Biomarkers Voice Clasifier App

Voice Classification Demo App

This project aim is to embeed a sound classification moden into simple android app for learning purposes. The model that classify 2-second audio samples is a small convolutional neural network. Sound classification is a machine learning task where you input some sound to a machine learning model to categorize it into predefined categories such as singing and speech. There are already many applications of sound classification.

Dataset

The first step to develop the model is to find a suitable dataset. For the siging database, the

NUS-48E Sung and Spoken Corpus developed at Sound and Music Computing Laboratory at National University of Singapore was used. The corpus is a 169-min collection of audio recordings of the sung and spoken lyrics of 48 (20 unique) English songs by 12 subjects and a complete set of transcriptions and duration annotations at the phone-level for all recordings of sung lyrics, comprising 25,474 phone instances.

The training datasetwas further pre-process by convert them to the WAV format and splitting them in 2 seconds window.

dataset
Comparison of spectrogram of a spoken lyrics and its corresponding singing signal for the sentence ‘I believe that the heart does go on’ Adapted from [1]

For the background samples, the dataset was complemented with the ESC-50 dataset.
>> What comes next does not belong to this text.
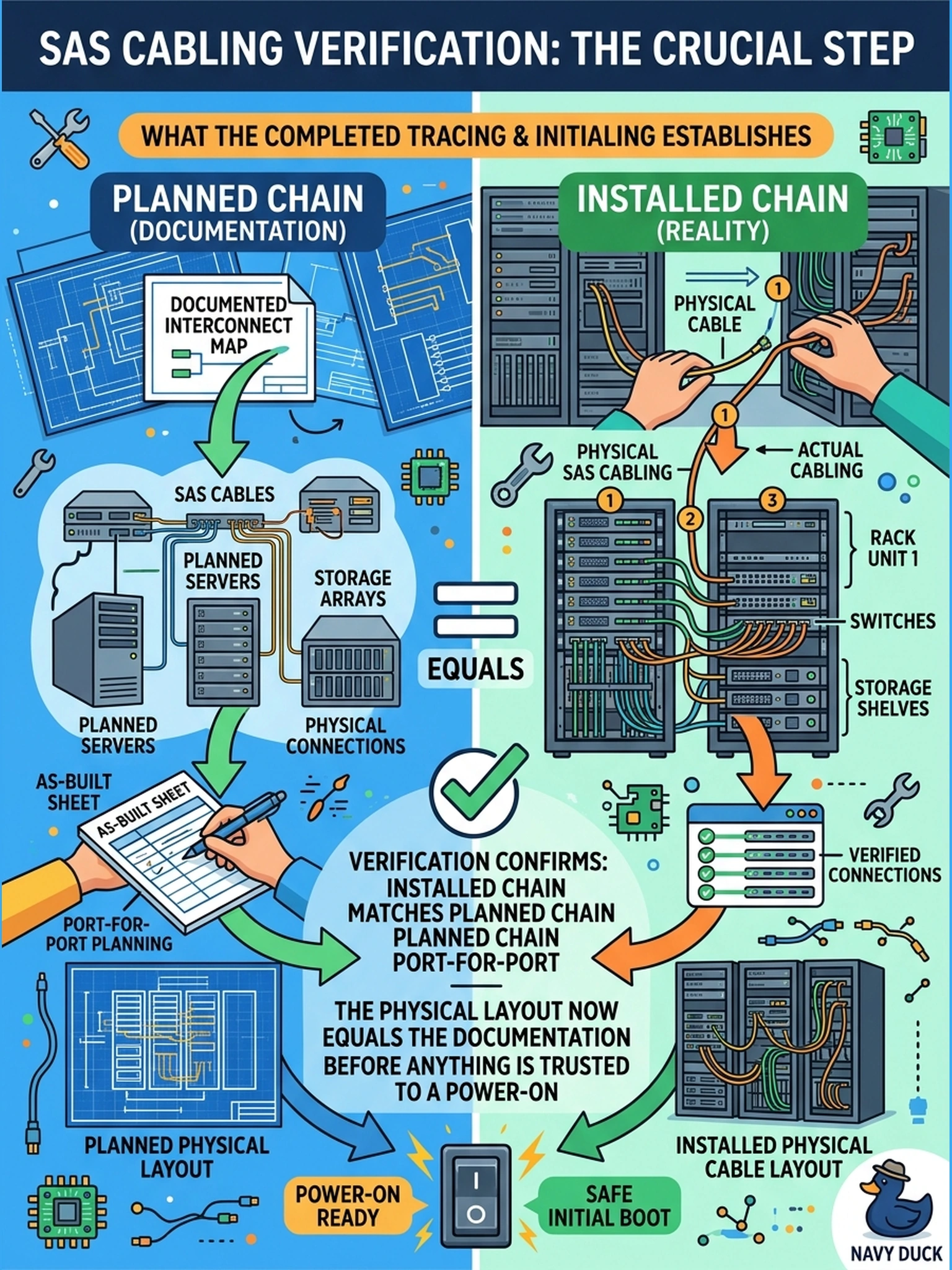 To Create an exciting colorful infographic that explains the concepts in the question: Question: An installer finishes the SAS cabling, traces every physical cable against the documented interconnect map, and initials the as-built sheet. What does that verification step actually establish? Correct Answer: That the installed chain matches the planned chain port-for-port — the physical layout now equals the documentation before anything is trusted to a power-on. Put EVERY visible label in double quotes. No people. No A/B/C/D letters. In one of the four corners put a little "Navy Duck".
ESC-50 consist of a labeled collection of 2000 environmental audio recordings suitable for benchmarking methods of environmental sound classification. The dataset consists of 5-second-long recordings organized into 50 semantical classes (with 40 examples per class) loosely arranged into 5 major categories:

Model

The proof-of-concept model is just a basic 1D CNN model. The model receives a 1D time representation of sound. It first processes the time eries with successive layers of 2D convolution (Conv1D) bi-layers with ReLU activations.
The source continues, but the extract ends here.